What Was AdWords response? After a couple of weeks of back and forth emails to several teams including AdWords Search Support Specialists and Product Specialists, we received the following answers:
1. “Quality Score (QS) is based upon exact match performance, not performance on other queries (broad match, phrase match).” And “When using phrase match or broad match performance to calculate quality score, we tend to see higher volatility as it is not as accurate as when we use exact match.”
It sounds like we have very little control over broad, BMM and phrase match QS. Based on this response I set up another experiment using exact matches only – see below.
2. “Average CPC will be dependent upon the auction that each keyword is entering, and also the specific search term that triggers each keyword.”
We do know that our CPC will depend on the auction, which means that the higher quality score doesn’t automatically mean that we’ll pay less for the click. Yet we can often read that if we increase our QS our CPC will decrease (still see that lovely table showing that above a certain QS we are discounted and below that number our CPC increases). That would only work in a world where each auction was exactly the same, where all the conditions would be equal. However, that’s not the case and each auction is different.
3. Quality score is measured based on the following factors:
- Your ad’s expected CTR: We know that one
- Your display URL’s past CTR: The historical clicks and impressions your display URL has received
- The quality of your landing page. We know this one
- Your ad/search relevance. We also know about that one
- Geographic performance: How successful your account has been in the regions you’re targeting
- Your targeted devices: How well your ads have been performing on different types of devices, like desktops/laptops, mobile devices, and tablets
Most of us are aware that our historical performance and targeting settings do have an impact on the auction, but that they directly affect our quality scores?
Our Second Test – Exact Match
The most repeated statement from my correspondence with AdWords Support was that they primarily use exact match performance to calculate the QS. And when using phrase or broad match performance to calculate the quality score, it’s possible that we will see higher volatility as it is not as accurate as when using exact match.

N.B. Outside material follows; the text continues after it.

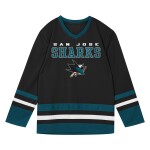 Outerstuff Dětský dres San Jose Sharks NHL Fashion Hockey Jersey Velikost: Dětské XL (13 - 15 let)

Wanting to test this new found fact and to see if my results would be similar to my broad match keywords or to what AdWords was saying, I set up the same test for my exact match campaign. Here my findings were mixed. Since I was using exact match, gathering statistically significant numbers in order to for the result of the experiment to be conclusive and not down to chance, a lot of my pairs of keywords did not receive enough clicks or even impressions to share. However, there was still one set with enough data to show you the difference in the quality score (there were several sets of keywords that had different quality scores but were lacking enough data).

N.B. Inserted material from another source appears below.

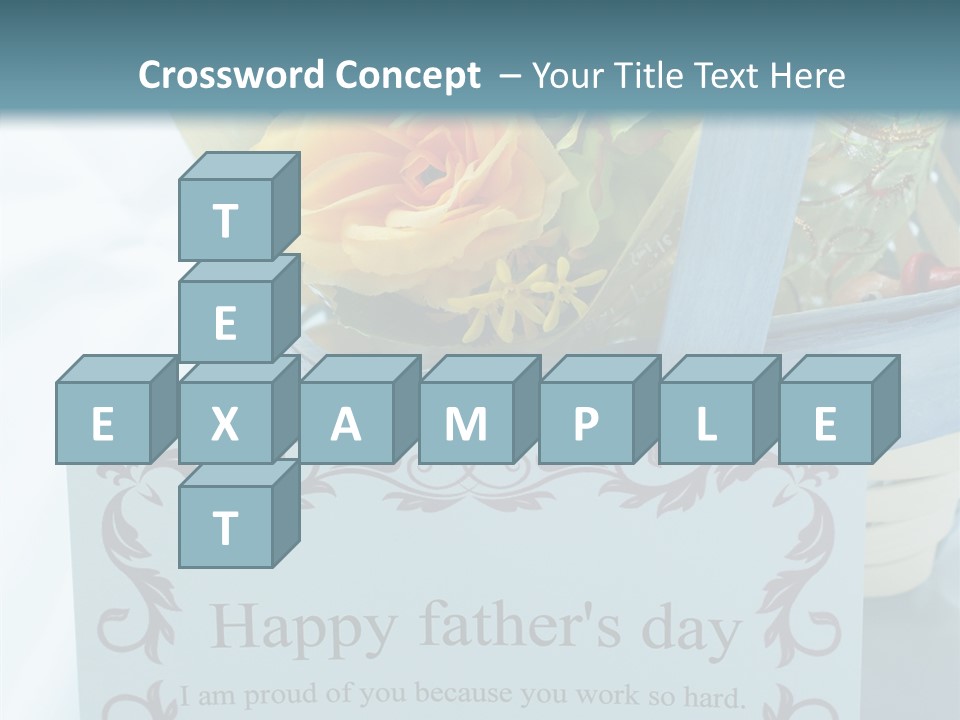 Love Special Card PowerPoint Template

As you can see, my landing page experience in one ad group was “average” whereas in the cloned ad group it was “below average” (same keyword, same ad copy using the same landing page), which resulted in knocking off two points of my QS.
Going Forward With My Takeaways
Don’t take your quality scores for broad, BMM or even phrase keywords too seriously. The only match type that we seem to have some control over is exact. I don’t know how many times that was said but QS should not be our focus or, as it seems, even a guidance. Give your visitors seamless experience and tailor your ads with your landing pages to match their search query as closely as possible.